Here are some basic guidelines to follow when it comes to your in-laws. Stick to these, and your family reunions could go from slightly uncomfortable to events you look forward to all year long!
- Be grateful. Your in-laws raised that wonderful spouse of yours. If you fell in love with him or her enough to agree to spend your life together, then you need to give your in-laws some credit. They obviously did many things right. Once you give them credit for the good, it’s easier to ignore the other inconsequential things. It’s ok that they do things differently than you do. Odds are, so do your own parents. So, cut them the same slack and spend your energy getting to know their personalities.
- Look for the good. If you want to moan and groan, you will be able to find plenty to moan and groan about. But if you look for the good, you’ll be amazed at how great those in-laws are. And never criticize your in-laws publicly. In fact, pass out compliments every opportunity that comes your way—trust me, they’ll hear about it.

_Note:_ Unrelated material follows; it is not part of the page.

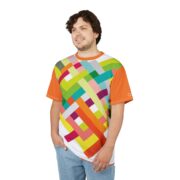 Colorful Geometric Unisex Tee - Trendy Summer Shirt, Casual Wear, Vibrant Fashion, Gift for Him/Her, Festival Look - Image 3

- Let them go. You raised your children with the idea that they would go out in the world and start their own family. LET THEM. Do not insist they come to Sunday dinner every week. Do not expect them to come for Christmas and participate in YOUR traditions. Allow them to come and go as they choose, and if they choose to join you, welcome them. Remember how fun it was for you to get to make your own way? Or remember how much you hated being forced to do things the way your parents wanted?
- Recognize how wonderful your in-laws are. This works both ways. Look at the talents they have. Notice how each in-law is perfect for his or her spouse. Allow them to be themselves, and compliment every great thing you observe. And tell them often how grateful you are that they married your son or daughter.
- Remember, there is more than enough love to go around. Don’t be stingy with your love. Allow the new in-laws a place in your heart and you will increase your joy and happiness more than you ever expected.